Sunday, October 2, 2011

New Temple Announcements

So new temples were announced in General Conference for Kinshasa, Congo; Barranquilla, Columbia; Durban, South Africa; Star Valley, Wyoming; and Provo, Utah (which already has a temple, and will get a new one with the recently burned Tabernacle being rebuilt as a temple).  We were also reminded that the church is building a temple in Paris, France (which was announced about 2 months ago).

I'm excited for these temples.  I love that the continent of Africa is going from having 3 temples to 5 temples.  I also love that Star Valley, Wyoming (near Jackson Hole) is getting a temple.  I was up there about a month ago and found out that Afton, Wyoming has a Tabernacle.  Maybe the new temple will be built near that Tabernacle.  I am glad that Wyoming will finally have a temple.  I'd have guessed that a temple would be built near Casper so that it would be by Martin's Cove, but Star Valley probably has a larger Mormon population.

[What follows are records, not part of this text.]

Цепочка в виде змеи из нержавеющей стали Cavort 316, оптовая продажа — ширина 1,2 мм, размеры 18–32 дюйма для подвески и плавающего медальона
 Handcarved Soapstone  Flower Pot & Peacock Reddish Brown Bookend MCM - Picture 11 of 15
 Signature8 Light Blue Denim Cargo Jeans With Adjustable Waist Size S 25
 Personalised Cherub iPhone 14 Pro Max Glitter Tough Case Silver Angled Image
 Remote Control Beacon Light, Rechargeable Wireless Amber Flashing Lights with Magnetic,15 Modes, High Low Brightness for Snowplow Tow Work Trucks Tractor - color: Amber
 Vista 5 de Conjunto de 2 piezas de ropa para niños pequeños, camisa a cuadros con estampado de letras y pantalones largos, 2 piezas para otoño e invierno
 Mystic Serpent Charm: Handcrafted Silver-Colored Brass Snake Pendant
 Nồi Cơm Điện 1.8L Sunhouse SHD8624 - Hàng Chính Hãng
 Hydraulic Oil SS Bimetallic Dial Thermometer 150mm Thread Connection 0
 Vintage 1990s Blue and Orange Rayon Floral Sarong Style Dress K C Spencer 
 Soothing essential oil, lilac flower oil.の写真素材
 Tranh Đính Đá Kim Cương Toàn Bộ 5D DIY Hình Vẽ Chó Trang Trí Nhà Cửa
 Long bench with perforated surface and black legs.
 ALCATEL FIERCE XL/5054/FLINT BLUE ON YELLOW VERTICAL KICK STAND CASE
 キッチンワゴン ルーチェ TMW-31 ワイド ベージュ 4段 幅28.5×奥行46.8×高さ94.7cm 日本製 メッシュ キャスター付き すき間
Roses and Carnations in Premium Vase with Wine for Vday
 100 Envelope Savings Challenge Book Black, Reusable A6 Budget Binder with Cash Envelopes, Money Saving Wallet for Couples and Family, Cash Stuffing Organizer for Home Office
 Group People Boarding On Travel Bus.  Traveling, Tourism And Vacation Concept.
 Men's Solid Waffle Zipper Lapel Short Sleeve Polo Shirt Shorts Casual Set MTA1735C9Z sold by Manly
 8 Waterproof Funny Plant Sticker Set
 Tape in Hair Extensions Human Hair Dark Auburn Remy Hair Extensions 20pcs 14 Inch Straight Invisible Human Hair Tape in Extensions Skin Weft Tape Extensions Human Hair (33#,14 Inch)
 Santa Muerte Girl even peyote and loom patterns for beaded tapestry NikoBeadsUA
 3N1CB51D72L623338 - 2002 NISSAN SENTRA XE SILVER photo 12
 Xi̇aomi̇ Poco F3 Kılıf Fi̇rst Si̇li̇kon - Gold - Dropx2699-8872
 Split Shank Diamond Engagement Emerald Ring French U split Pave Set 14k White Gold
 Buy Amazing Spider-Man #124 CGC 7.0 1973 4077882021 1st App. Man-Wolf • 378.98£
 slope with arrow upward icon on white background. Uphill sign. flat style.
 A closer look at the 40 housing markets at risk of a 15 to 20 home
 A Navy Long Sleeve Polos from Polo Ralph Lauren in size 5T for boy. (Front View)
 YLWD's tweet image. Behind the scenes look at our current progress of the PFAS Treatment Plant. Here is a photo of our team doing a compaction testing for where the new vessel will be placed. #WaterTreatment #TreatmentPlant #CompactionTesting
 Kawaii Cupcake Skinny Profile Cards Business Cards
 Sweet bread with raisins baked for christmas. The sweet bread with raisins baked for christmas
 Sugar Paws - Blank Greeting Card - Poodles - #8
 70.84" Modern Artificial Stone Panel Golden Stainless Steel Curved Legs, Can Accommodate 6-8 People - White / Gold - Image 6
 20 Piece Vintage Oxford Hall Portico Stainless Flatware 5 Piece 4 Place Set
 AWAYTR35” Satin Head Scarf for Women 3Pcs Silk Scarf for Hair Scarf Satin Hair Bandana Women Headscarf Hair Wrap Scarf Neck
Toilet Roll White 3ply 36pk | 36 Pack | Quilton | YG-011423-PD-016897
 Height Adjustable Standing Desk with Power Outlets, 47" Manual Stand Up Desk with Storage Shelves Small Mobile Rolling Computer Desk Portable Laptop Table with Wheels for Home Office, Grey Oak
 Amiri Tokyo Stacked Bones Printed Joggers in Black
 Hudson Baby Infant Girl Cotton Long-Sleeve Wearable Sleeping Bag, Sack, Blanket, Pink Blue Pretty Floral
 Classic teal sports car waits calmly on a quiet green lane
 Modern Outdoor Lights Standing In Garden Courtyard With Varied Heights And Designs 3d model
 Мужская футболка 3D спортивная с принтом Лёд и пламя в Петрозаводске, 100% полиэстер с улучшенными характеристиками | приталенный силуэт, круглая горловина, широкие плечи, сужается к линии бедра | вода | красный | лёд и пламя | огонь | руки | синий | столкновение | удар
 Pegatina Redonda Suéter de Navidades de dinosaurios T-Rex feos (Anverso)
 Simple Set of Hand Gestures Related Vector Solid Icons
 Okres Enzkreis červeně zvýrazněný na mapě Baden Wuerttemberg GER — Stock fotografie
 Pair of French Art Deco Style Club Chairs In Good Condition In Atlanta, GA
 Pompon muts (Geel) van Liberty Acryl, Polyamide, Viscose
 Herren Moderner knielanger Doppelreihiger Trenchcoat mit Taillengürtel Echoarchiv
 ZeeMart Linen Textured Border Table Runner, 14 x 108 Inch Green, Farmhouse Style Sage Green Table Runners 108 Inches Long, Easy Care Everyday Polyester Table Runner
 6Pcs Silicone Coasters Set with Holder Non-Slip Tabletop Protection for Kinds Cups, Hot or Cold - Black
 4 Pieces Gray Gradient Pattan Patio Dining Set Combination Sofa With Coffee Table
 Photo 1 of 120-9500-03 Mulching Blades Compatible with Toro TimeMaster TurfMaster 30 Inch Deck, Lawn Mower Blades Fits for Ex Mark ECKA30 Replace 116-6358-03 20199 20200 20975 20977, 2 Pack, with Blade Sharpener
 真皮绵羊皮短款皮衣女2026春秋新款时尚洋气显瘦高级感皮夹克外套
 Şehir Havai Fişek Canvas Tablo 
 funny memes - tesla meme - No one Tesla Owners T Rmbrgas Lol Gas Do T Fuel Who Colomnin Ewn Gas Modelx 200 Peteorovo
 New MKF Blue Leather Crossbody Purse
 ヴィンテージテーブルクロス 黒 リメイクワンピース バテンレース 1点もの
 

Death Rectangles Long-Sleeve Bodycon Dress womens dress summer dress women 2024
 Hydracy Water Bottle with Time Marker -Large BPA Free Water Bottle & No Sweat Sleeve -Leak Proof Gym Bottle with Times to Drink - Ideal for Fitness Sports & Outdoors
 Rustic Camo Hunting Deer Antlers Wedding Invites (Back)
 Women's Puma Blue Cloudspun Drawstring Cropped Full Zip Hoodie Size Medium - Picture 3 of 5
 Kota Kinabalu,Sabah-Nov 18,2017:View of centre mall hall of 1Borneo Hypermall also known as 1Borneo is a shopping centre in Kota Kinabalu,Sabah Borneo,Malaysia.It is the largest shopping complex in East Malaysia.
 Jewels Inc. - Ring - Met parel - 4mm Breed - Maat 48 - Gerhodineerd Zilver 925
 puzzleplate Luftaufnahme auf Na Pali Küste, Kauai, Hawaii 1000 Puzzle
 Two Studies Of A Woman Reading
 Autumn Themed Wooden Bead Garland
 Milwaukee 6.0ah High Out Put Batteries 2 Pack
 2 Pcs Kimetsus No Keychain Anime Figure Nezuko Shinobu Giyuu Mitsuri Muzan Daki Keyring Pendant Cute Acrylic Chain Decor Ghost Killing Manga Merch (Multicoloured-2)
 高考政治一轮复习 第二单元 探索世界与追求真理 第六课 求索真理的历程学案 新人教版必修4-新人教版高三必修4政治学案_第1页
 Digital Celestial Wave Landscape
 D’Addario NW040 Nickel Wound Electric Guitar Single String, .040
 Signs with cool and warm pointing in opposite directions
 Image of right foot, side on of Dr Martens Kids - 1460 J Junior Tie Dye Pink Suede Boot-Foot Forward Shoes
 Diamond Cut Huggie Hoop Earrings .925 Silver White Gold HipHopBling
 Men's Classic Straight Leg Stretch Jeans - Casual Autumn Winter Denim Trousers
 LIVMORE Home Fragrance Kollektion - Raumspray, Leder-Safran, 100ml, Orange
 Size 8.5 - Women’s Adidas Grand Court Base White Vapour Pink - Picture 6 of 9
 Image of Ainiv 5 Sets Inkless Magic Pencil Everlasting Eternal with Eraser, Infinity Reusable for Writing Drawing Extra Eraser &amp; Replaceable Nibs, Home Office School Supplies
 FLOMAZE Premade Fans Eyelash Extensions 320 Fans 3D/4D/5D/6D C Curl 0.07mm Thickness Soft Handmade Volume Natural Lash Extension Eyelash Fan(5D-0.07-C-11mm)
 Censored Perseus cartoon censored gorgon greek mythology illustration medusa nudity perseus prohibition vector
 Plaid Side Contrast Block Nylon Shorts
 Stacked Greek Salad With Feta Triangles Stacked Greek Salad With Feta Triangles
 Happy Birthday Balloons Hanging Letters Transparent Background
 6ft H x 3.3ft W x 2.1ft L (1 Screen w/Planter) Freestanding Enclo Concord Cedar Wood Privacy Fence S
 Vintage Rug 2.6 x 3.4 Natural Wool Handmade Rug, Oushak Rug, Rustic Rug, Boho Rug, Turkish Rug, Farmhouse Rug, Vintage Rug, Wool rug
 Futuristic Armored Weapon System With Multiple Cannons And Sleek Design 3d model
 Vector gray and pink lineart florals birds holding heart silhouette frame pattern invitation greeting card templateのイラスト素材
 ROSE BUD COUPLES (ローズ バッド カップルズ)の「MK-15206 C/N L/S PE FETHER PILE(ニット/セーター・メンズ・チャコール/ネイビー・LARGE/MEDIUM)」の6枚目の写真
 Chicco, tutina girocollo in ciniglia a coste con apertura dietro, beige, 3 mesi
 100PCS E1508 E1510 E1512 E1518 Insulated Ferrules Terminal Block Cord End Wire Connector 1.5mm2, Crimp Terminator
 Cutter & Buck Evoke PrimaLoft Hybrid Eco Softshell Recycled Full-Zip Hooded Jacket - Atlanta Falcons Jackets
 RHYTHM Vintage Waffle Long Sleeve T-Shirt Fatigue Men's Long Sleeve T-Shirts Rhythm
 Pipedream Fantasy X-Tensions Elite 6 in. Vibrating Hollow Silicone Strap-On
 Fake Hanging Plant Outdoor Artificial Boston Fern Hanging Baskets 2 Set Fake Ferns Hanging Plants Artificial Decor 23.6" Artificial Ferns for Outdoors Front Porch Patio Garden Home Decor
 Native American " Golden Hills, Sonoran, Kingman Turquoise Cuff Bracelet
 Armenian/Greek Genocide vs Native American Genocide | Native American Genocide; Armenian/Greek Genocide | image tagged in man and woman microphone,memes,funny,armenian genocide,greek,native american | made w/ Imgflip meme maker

Then there is the Provo Temple.  Okay, that name is already taken by the Provo Temple.  Let's call it the Provo Tabernacle Temple (Provo Temple 2?).  I was reading various reactions to this new temple online and one commenter, who apparently reads this blog, mentioned The Trumpet Stone and wondered what I would think about the Second Provo Temple.  So I guess I'm obligated to give my opinion :).

I love the idea of turning the shell of the Tabernacle into a temple.  When the Tabernacle burned it was unclear what the church would do.  Tabernacles were the first stake centers (which is why when the modern stake centers were introduced in the 1950s or so the church stopped building Tabernacles).  Since that time, many Tabernacles have been torn down, but a lot have been preserved.  The preserved ones are used for stake conferences from time to time and for community meetings and special events such as concerts.  To fully restore the burned Provo Tabernacle would have been extremely expensive for a building that the church doesn't build anymore and whose function can be fulfilled by numerous other buildings in the city.  This meant that the church would be spending a lot for something they didn't need.  Making the Tabernacle into a temple gets around this problem because the money for restoration will also make the Tabernacle into something useful and needed, not superfluous (although historic and beautiful and great for the city).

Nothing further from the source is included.